Victoria Cobb, president of the Family Foundation of Virginia, recently lobbied Virginia GOP lawmakers to block the Equal Rights Amendment (ERA) from coming to a full house vote, the Washington Post reported. Cobb, like many anti-choice activists, charges that ratification of the ERA would make it impossible to stop people from accessing abortion.

The Democratic disarray comes as pro-choice lawmakers were primed to gain legislative majorities in the 2019 state elections. Democrats in 2017 flipped 15 house seats in Virginia, coming within one seat of grabbing a majority. Republicans maintained control of the chamber thanks to a coin flip after a tied election.

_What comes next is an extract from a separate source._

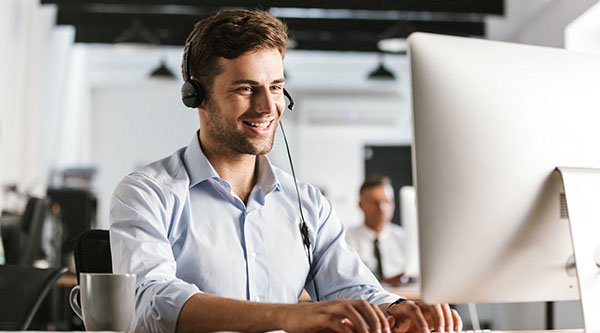 Photo of businesslike man 20s wearing office clothes and headset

Northam hasn’t signaled he will step down from the governorship, as Fairfax continues to deny Vanessa Tyson’s detailed allegations against him. Fairfax reportedly used an obscenity to refer to her in a closed-door meeting with Virginia lawmakers.

Tyson wrote in a statement released Wednesday that she had met Fairfax at the 2004 Democratic National Convention in Boston, where Fairfax invited Tyson to join him to get documents from his hotel room. It was there that Fairfax assaulted her, Tyson alleges. “What began as consensual kissing quickly turned into a sexual assault,” she wrote.

CORRECTION: This post has been changed to correct Victoria Cobb’s first name.